Chemists Have Tried,
But They Cannot Reproduce This Scent
Bring the Outdoors In
For Sweet Dreams
In a few minutes, I’ll slip beneath the sun-and-air-dried bed linens.
Earlier today, I lifted the sheets from the wicker basket, unfolded one, shook out its length and width, and then tucked its corners and edges onto my bed. Air, sunlight, blue skies, butterflies, and flowers wafted through the room, bringing the best of the outdoors in.
Chemists and perfume makers have tried, oh, have they tried, in vain to reproduce this scent, this nameless delight that calls gently to the senses and announces in a quiet tone: This bedding was dried in the sun, the breeze, the outdoors.
Manufacturers have devoted thousands and thousands of dollars of research and development to copying that scent. They use names reminiscent of white linen, spring breezes, sun-kissed air, but they cannot capture this scent. They cannot reproduce it. They cannot bottle it. It’s not for sale. “They” say it “smells like . . . ,” but it doesn’t.
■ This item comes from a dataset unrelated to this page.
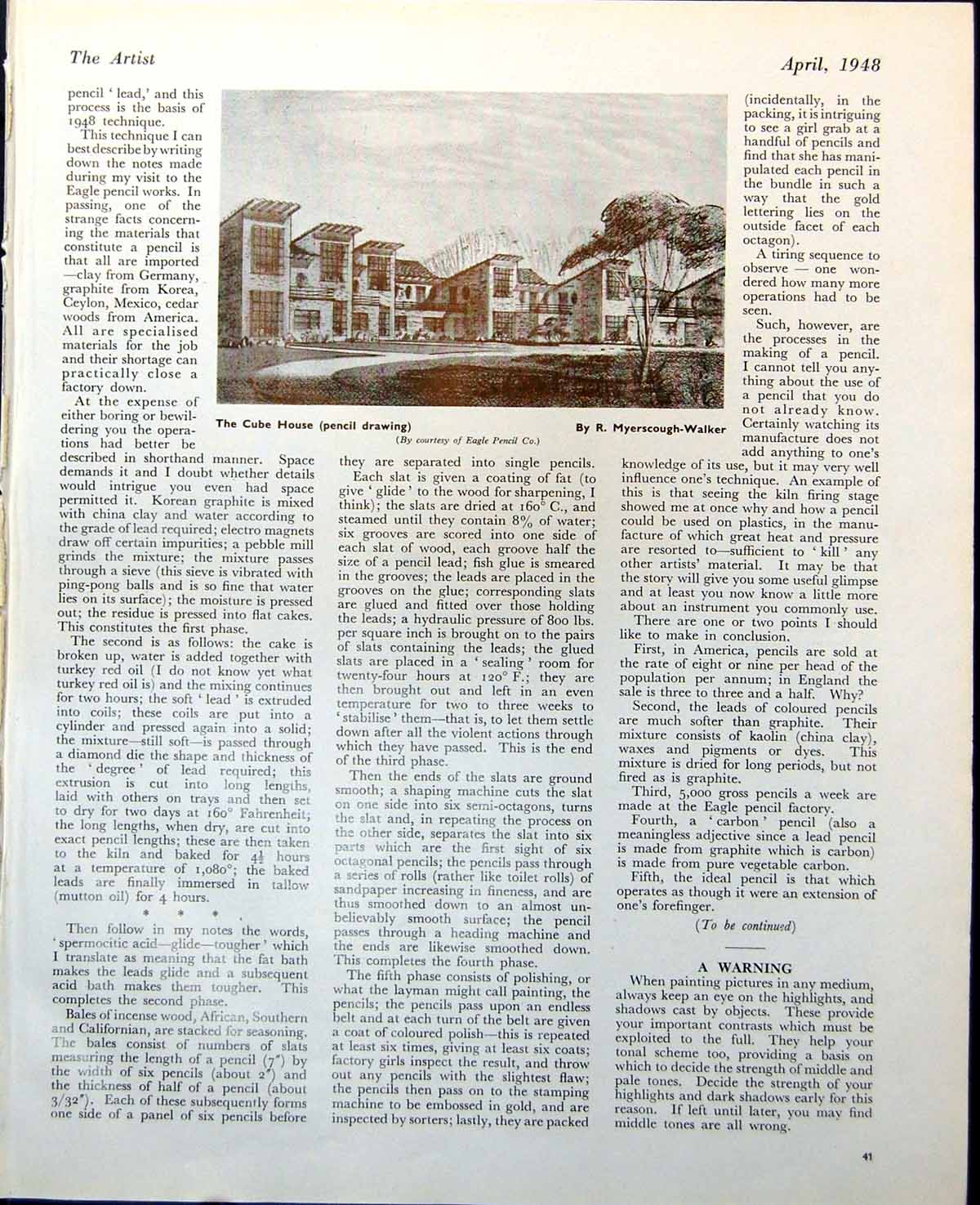Antique Print The Cube House Architecural Drawing R Myrescough-Walker 1948 20th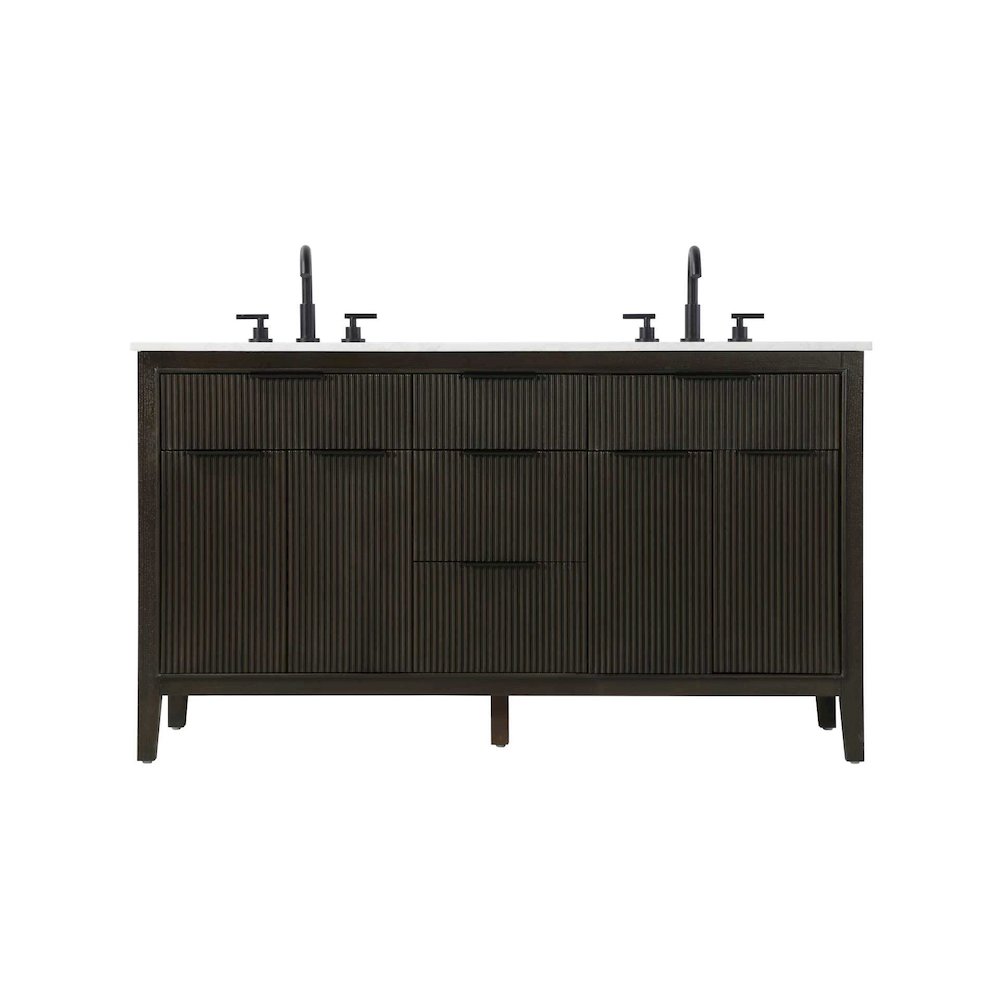 60 inch Double Bathroom Vanity in Chocolate Oak. Picture 1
To delight in the scents of the day, to bring the outside in, you must go outside. The only way to bring the sweet scent of the outdoors inside is to go and get it. The small effort required to peg the sheets and pillowcases on the line is well worth the reward of doing so. A few moments of standing in the sun and feeling the heat and breeze on your skin will later translate to a nighttime of bliss. You lie back, pull the sheet to your chin, breathe in the delight, and note the calming of your senses. Sweet dreams, indeed.